-- Work to be completed --
Print each record below precisely, with every picture left out of the copy.

+ + + +

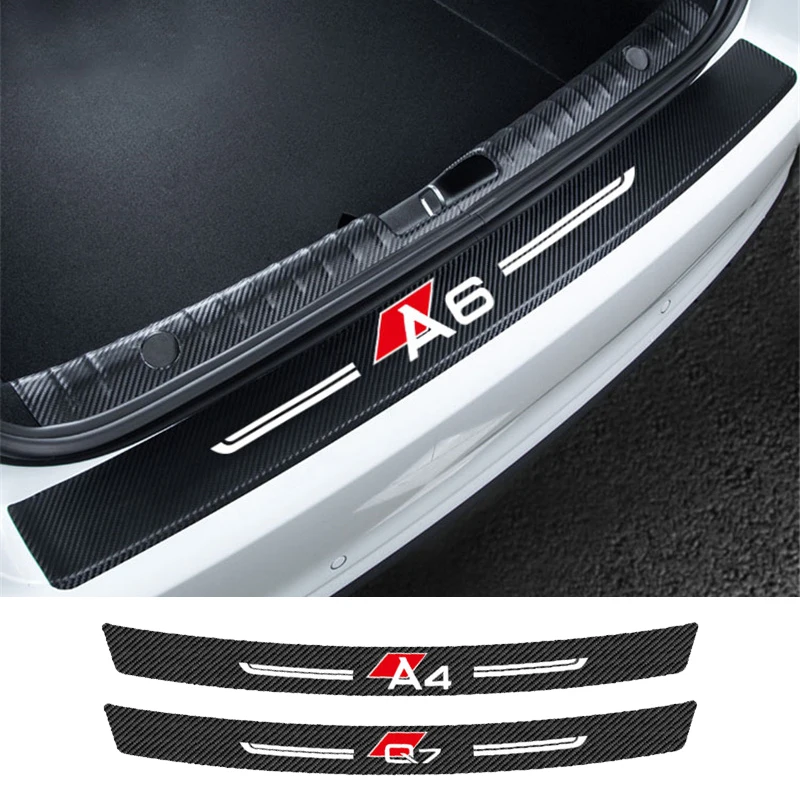 Car trunk protector For Audi A3 8P 8V A4 B8 B6 A6 A7 C6 C5 Q2 Q3 Q5 Q7 Q8 TT carbon fiber car rear bumper protective film | Автомобили и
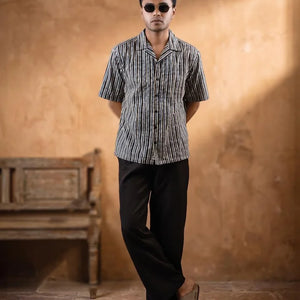 Cuban Collar Short Sleeve Shirt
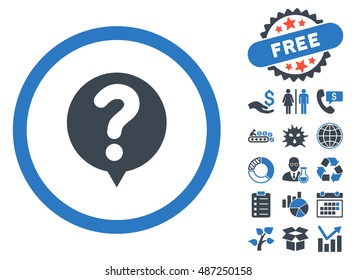 Status Query icon with free bonus pictograph collection. Vector illustration style is flat iconic bicolor symbols, smooth blue colors, white background.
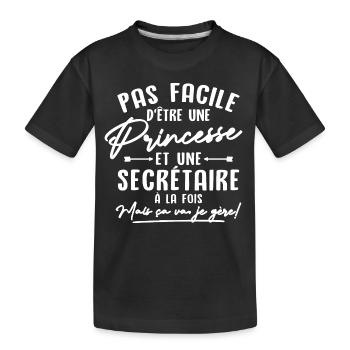 Princesse et Secrétaire - T-shirt bio Premium Enfant - noir - Devant
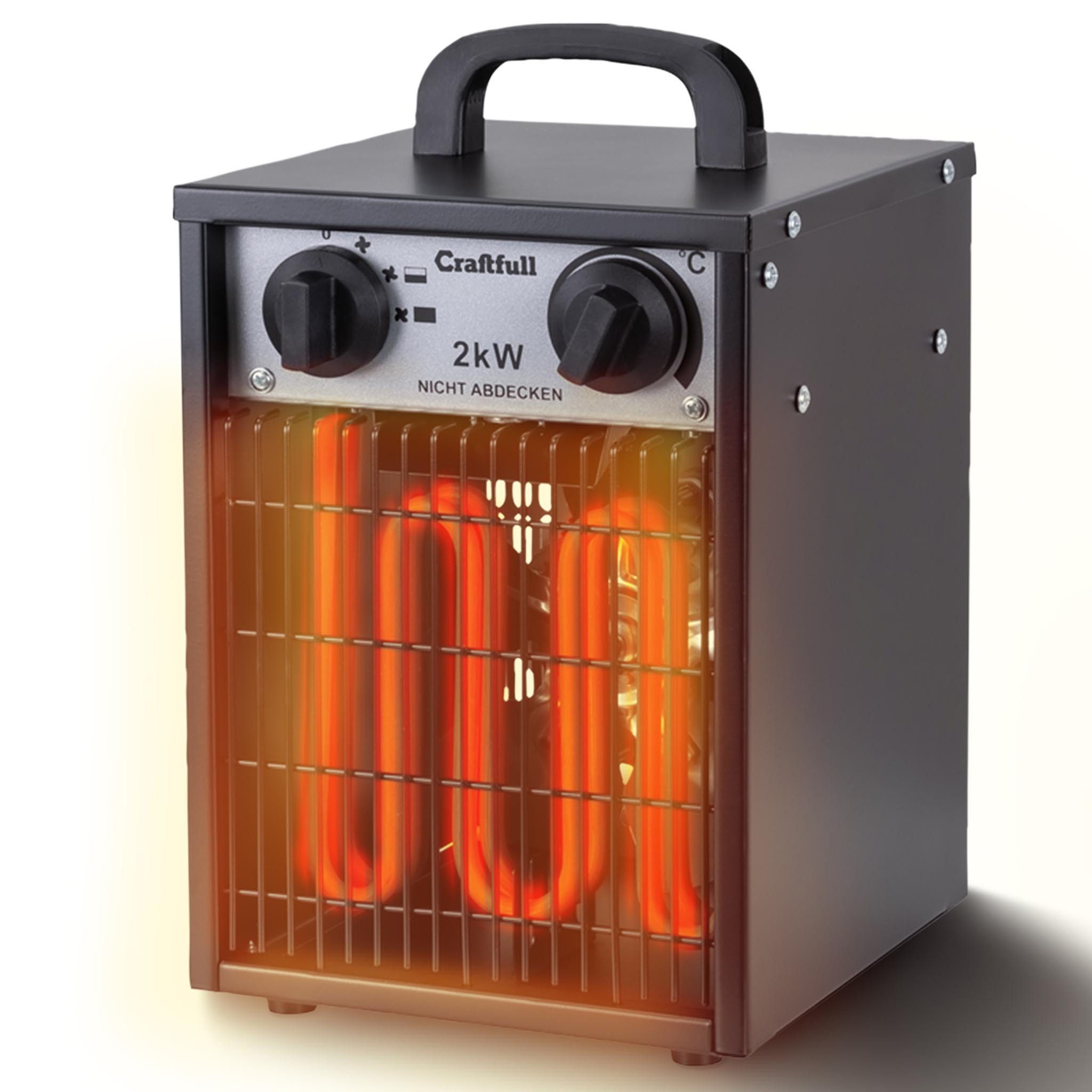 Craftfull Heizlüfter Elektro Heizgerät HL200 inkl. 3 J. Garantie - 3 Heizstufen - Bauheizer, 2000 W, Elektroheizung Heizung Heizer - Termostatregelung - Tragegriff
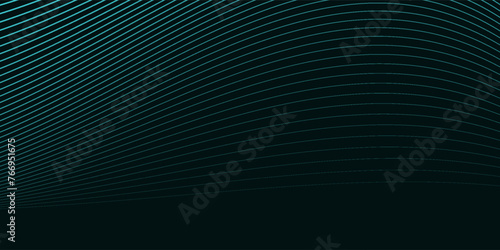 Dark abstract background with glowing wave. Shiny moving lines design element. Elegant dynamic wavy lines. Modern futuristic technology concept. Vector illustration green abstract 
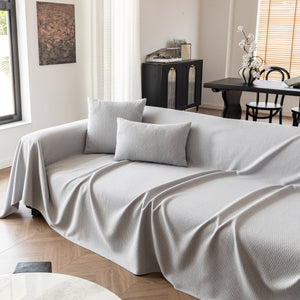 Herringbone Textured Sofa Throw Blanket, Durable Pet Friendly Modern Couch Slipcover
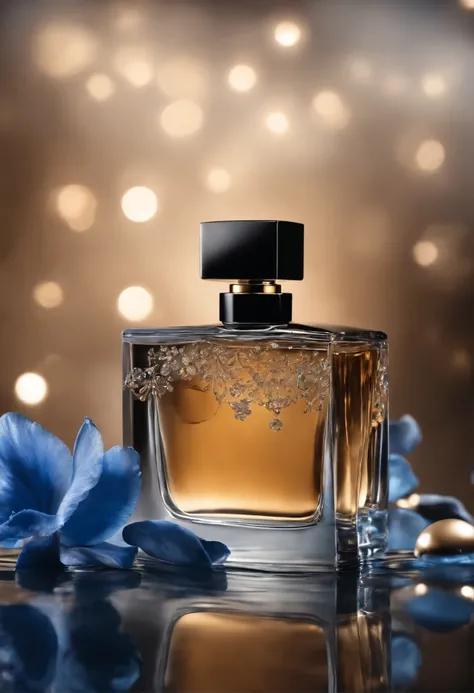 Attractive design on a black background with blue product display, Leave an empty space，So I can insert an image of Perfume falling into the water . The background should exude elegance and sophistication, Melhore o apelo visual do perfume que colocarei na...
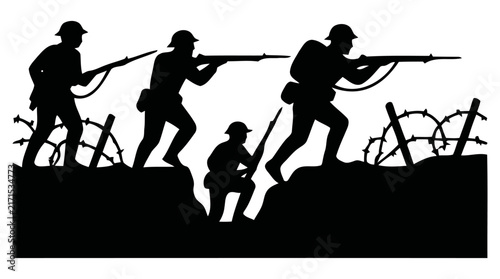 Foto Silhouette vector illustration showing a group of brave soldiers charging forwar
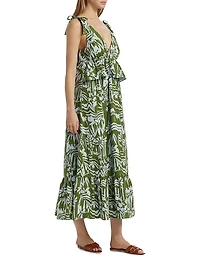 Whitley Floral Tie-Shoulder Peplum Midi-Dress
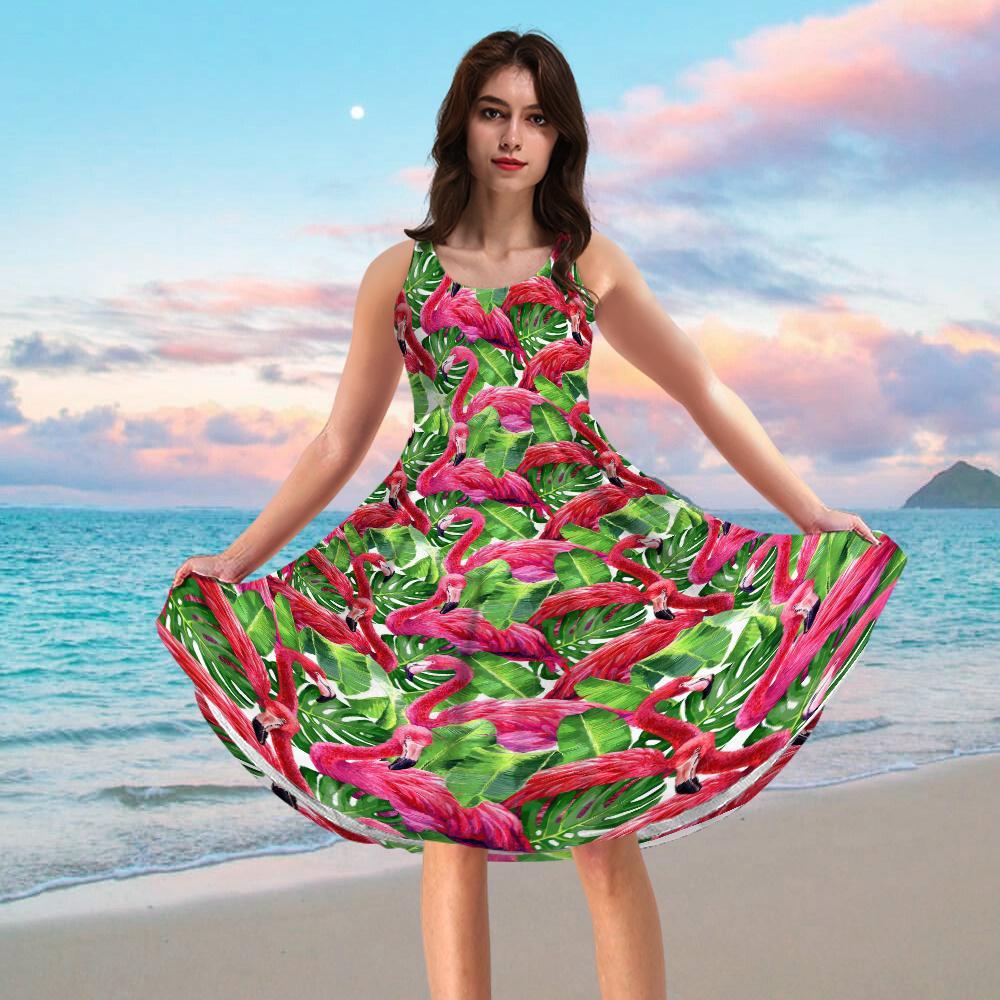 Gearhuman 3D Flamingo Women Dress ZK17062111 Women Dress 
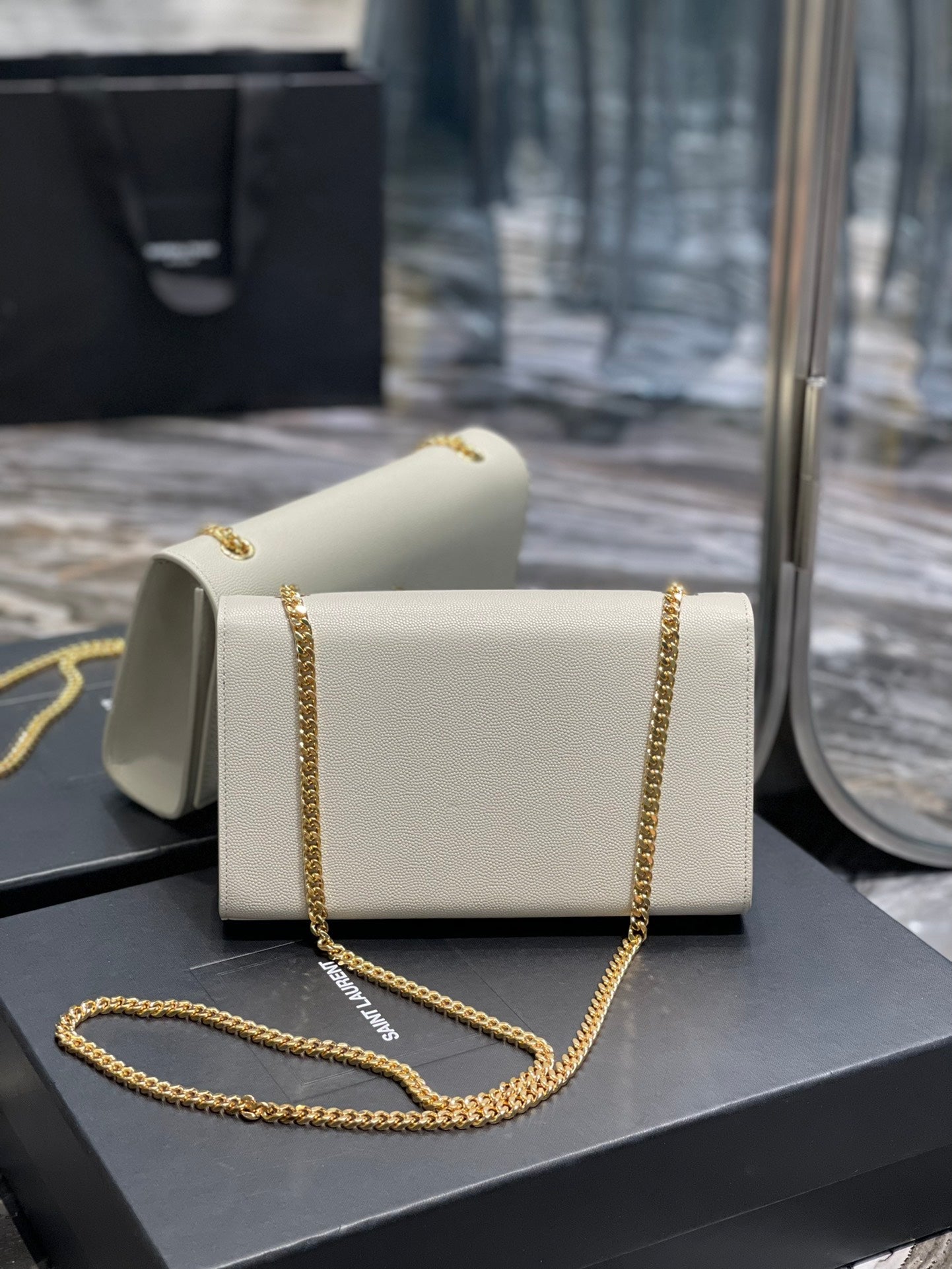 YSL Kate Medium In Grain Poudre embossed Leather Bag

+ + + +

-- Solution for this task --
 Car trunk protector For Audi A3 8P 8V A4 B8 B6 A6 A7 C6 C5 Q2 Q3 Q5 Q7 Q8 TT carbon fiber car rear bumper protective film | Автомобили и
 Cuban Collar Short Sleeve Shirt
 Status Query icon with free bonus pictograph collection. Vector illustration style is flat iconic bicolor symbols, smooth blue colors, white background.
 Princesse et Secrétaire - T-shirt bio Premium Enfant - noir - Devant
 Craftfull Heizlüfter Elektro Heizgerät HL200 inkl. 3 J. Garantie - 3 Heizstufen - Bauheizer, 2000 W, Elektroheizung Heizung Heizer - Termostatregelung - Tragegriff
 Dark abstract background with glowing wave. Shiny moving lines design element. Elegant dynamic wavy lines. Modern futuristic technology concept. Vector illustration green abstract 
 Herringbone Textured Sofa Throw Blanket, Durable Pet Friendly Modern Couch Slipcover
 Attractive design on a black background with blue product display, Leave an empty space，So I can insert an image of Perfume falling into the water . The background should exude elegance and sophistication, Melhore o apelo visual do perfume que colocarei na...
 Foto Silhouette vector illustration showing a group of brave soldiers charging forwar
 Whitley Floral Tie-Shoulder Peplum Midi-Dress
 Gearhuman 3D Flamingo Women Dress ZK17062111 Women Dress 
 YSL Kate Medium In Grain Poudre embossed Leather Bag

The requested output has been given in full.